Les massacres atteindront des sommets dans l’horreur. L’ampleur du massacre en trois mois, près d’un million de personnes sont tuées, sa cruauté (des femmes enceintes sont éventrées pour tuer les fœtus, la violence sexuelle est fréquemment employée, des tueries ont lieu au sein de familles mixtes, le sadisme se manifeste dans de nombreux cas) et le nombre d’exécutants en font un des événements les plus atroces du 20ème siècle.
Les massacres ne cesseront complètement que courant juillet, mais on estime que 80 % des massacres étaient accomplis à la mi-mai.
D’ailleurs, à partir du 16 mai, les autorités locales ont normalisé la situation en ouvrant les services publics, les banques, les transports, etc.
Bien peu de Tutsi réchappèrent. Ceux qui le purent furent celles et ceux qui purent se cacher suffisamment longtemps dans les marais et les forêts jusqu’à la déroute du « Hutu power » devant l’avancée du FPR ou qui furent protégés par des Hutu qui les cachèrent.
La capitale, Kigali, est prise le 4 juillet 1994 par le FPR. Les miliciens hutus et les FAR battent en retraite au Zaïre (actuelle République démocratique du Congo), suivis par deux millions de réfugiés hutus qui redoutent les représailles du FPR.
Le 19 juillet 1994, un gouvernement fondé sur les derniers accords d’Arusha, mais dominé par le FPR, prend les rênes du Rwanda. Le président de la République et le Premier ministre sont des Hutus dits modérés.
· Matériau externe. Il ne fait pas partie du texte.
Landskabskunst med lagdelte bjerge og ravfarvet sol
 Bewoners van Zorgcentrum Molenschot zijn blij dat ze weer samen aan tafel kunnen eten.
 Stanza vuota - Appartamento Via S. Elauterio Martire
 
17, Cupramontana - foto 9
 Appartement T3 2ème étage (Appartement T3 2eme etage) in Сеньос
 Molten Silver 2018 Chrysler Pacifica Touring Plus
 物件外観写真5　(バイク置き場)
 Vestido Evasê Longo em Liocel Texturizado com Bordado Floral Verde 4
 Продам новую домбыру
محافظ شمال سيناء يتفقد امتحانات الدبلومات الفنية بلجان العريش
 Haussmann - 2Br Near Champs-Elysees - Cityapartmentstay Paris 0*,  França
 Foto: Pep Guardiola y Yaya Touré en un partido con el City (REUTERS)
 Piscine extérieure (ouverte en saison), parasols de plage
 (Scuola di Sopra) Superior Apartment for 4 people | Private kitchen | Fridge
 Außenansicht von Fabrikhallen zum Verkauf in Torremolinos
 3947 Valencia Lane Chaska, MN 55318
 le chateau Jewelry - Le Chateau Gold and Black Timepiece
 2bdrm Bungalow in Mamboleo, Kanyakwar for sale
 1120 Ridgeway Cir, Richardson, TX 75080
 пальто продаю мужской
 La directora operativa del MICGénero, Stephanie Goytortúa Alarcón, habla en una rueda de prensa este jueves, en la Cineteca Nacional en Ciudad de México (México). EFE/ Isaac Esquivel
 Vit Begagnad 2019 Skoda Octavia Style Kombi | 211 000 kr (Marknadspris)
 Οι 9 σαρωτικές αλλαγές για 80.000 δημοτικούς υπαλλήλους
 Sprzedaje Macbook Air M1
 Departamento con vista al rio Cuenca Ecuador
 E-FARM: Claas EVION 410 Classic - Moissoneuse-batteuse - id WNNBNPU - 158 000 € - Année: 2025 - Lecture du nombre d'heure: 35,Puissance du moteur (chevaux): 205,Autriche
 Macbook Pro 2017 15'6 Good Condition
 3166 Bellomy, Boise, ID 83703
Celui qui a conduit le FPR à la victoire, le général-major Paul Kagame, vice-président et ministre de la Défense, devient l’homme fort du Rwanda.
Le rôle de la France
Le rôle de la France dans le génocide des Tutsis au Rwanda en 1994 est source de controverses et de débats tant à l’intérieur qu’à l’extérieur de la France et du Rwanda. La coopération militaire entre les deux pays remonte à 1975. La France a apporté un soutien militaire, financier et diplomatique au gouvernement hutu de Juvénal Habyarimana contre le Front patriotique rwandais, créé par les exilés Tutsi, pendant la guerre civile rwandaise débutée en 1990. Elle est soupçonnée d’avoir poursuivi ce soutien pendant le génocide des Tutsi au Rwanda. L’ampleur de ce soutien et son impact sur le génocide firent l’objet de vives controverses, en particulier entre les gouvernements français et rwandais et continuent d’influencer les relations diplomatiques entre les deux pays.
L’Opération Turquoise – opération lancée par la France pour officiellement mettre fin au génocide – est ainsi considérée comme une opération dont l’effet principal – sinon le but initial – a été, en retardant l’avancée du FPR, de permettre la fuite des génocidaires en dehors du pays. De la même manière, François Mitterrand, dans les semaines qui suivent le génocide, évoque « un double génocide », semblant renvoyer dos-à-dos un – réel – génocide contre les Tutsi et un – très imaginaire – génocide contre les Hutu.
Le gouvernement français a jusqu’à présent rejeté toute responsabilité dans le génocide, tout en admettant à partir de novembre 2007 qu’avaient pu être commises des « erreurs politiques » qui ont empêché de prévenir ou d’arrêter le génocide.